2. Cluster Centroid is the mean value of a variable for all the cases or objects in a particular cluster.
3. A dendrogram is a graphical device for displaying cluster results.
4. Distances between cluster centers in cluster analysis indicate how separated the individual pairs of clusters are. The clusters that are widely separated are distinct and therefore desirable.
5. Similarity/distance coefficient matrix in cluster analysis is a lower triangle matrix containing pairwise distances between objects or cases.
The history of cluster analysis dates back less than a hundred years, but it has managed to become an integral part of data processing in many sciences and other areas of human activity.
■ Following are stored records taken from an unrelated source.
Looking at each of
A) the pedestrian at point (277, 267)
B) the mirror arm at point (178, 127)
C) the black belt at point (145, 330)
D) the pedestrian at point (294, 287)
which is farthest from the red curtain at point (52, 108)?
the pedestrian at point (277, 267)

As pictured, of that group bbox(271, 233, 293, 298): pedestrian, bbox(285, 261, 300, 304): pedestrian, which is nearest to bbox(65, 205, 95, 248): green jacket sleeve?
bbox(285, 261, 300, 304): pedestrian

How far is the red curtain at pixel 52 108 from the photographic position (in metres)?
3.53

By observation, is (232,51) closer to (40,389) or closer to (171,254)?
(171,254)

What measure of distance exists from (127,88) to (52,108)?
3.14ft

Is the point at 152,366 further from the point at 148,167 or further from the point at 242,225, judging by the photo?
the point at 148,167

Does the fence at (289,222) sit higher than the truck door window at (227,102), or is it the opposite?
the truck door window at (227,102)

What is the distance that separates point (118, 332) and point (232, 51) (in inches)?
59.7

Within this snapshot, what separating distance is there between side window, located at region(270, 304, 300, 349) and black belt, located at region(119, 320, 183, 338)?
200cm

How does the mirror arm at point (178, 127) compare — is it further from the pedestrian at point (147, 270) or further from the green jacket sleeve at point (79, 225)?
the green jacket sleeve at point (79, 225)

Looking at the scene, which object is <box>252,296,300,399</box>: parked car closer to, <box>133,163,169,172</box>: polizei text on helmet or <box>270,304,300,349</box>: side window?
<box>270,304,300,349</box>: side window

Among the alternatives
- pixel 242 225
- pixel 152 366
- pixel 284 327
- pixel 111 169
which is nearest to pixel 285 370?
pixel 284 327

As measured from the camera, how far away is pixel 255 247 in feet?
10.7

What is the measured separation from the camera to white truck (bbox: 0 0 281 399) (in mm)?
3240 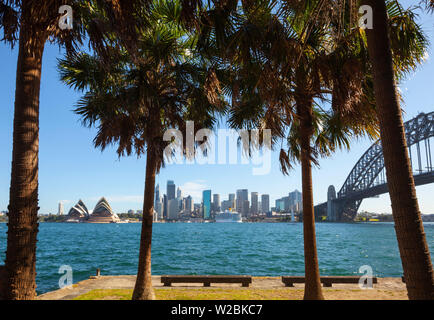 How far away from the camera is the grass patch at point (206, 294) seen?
930cm

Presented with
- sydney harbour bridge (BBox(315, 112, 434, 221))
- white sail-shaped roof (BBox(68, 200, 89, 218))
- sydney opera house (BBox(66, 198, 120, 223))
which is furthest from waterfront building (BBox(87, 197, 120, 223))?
sydney harbour bridge (BBox(315, 112, 434, 221))

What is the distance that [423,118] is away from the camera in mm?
85188

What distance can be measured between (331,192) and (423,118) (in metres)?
37.1

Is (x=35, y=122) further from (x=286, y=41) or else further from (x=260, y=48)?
(x=286, y=41)

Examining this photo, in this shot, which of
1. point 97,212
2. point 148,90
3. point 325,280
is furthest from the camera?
point 97,212

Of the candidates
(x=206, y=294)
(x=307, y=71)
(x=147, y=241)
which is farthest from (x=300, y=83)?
(x=206, y=294)

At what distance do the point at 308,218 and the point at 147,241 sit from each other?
452cm

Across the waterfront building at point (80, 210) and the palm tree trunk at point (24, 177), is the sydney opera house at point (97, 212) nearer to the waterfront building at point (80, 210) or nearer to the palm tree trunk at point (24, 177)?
the waterfront building at point (80, 210)

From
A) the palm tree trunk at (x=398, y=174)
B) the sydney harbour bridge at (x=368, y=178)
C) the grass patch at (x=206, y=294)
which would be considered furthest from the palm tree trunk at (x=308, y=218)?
the sydney harbour bridge at (x=368, y=178)

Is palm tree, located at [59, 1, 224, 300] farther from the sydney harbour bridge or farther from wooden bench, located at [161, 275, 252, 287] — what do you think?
the sydney harbour bridge

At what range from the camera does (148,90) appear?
7.57 metres

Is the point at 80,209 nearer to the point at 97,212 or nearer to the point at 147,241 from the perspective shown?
the point at 97,212

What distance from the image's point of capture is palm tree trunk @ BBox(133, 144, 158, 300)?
8.20m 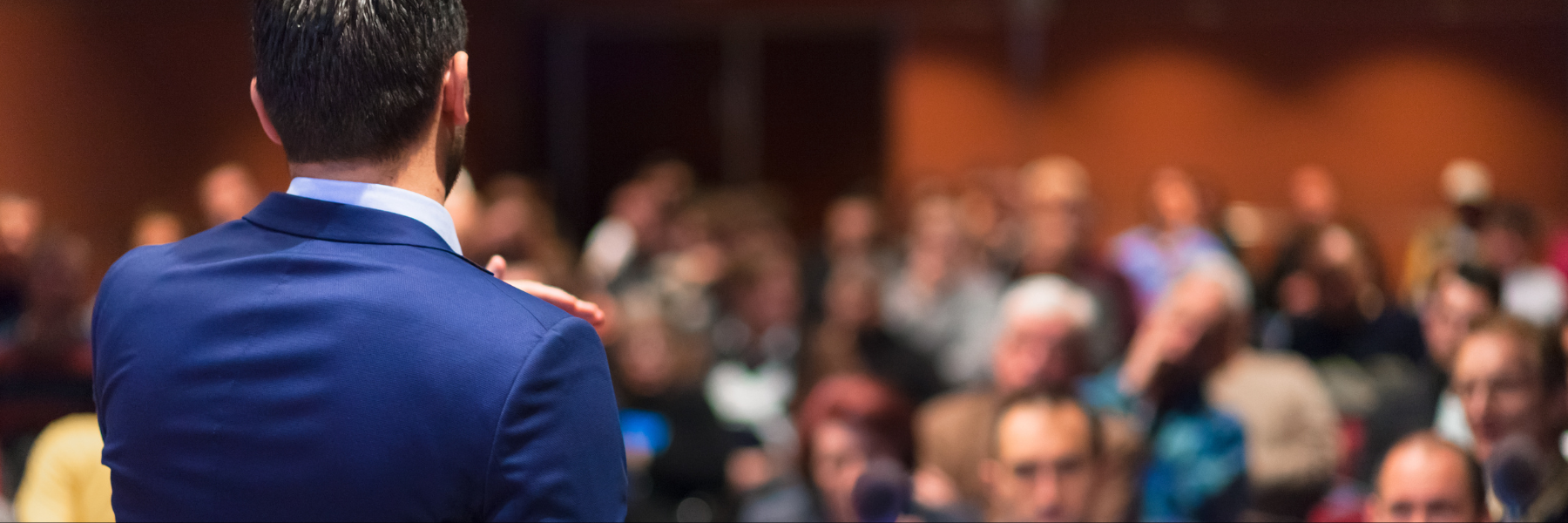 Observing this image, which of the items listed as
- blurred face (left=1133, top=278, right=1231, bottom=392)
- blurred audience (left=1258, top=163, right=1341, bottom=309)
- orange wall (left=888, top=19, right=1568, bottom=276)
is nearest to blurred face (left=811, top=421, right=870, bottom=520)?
blurred face (left=1133, top=278, right=1231, bottom=392)

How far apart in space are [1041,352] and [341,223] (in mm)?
2207

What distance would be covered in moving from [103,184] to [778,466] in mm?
1840

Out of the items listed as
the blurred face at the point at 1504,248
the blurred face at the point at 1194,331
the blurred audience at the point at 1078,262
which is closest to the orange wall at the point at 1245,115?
the blurred audience at the point at 1078,262

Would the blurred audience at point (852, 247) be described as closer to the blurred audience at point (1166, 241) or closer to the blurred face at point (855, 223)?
the blurred face at point (855, 223)

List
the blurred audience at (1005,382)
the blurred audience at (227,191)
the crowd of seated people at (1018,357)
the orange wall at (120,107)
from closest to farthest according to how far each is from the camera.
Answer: the orange wall at (120,107), the crowd of seated people at (1018,357), the blurred audience at (227,191), the blurred audience at (1005,382)

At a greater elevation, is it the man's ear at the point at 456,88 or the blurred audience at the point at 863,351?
the man's ear at the point at 456,88

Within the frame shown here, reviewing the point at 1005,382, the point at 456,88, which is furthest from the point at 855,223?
the point at 456,88

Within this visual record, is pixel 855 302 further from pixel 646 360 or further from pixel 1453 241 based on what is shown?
pixel 1453 241

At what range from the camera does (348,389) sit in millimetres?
673

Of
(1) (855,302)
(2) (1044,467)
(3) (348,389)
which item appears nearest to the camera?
(3) (348,389)

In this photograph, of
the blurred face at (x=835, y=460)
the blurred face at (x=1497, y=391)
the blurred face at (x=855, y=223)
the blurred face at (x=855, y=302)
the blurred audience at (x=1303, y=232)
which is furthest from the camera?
the blurred face at (x=855, y=223)

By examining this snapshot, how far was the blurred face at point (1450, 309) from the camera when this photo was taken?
273 cm

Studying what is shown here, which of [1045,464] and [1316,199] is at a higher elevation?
[1045,464]

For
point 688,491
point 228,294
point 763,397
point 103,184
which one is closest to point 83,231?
point 103,184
Such an active development of clustering is largely associated with the growth of computing power and its widespread use. In the absence of such a technique, the very idea of cluster analysis – automation of the process of grouping objects – loses its meaning. Perhaps, for this reason, work in this direction was practically not carried out until the last century.
Today, cluster analysis is one of the most effective tools for processing large amounts of data and is used everywhere where computer technology is applied.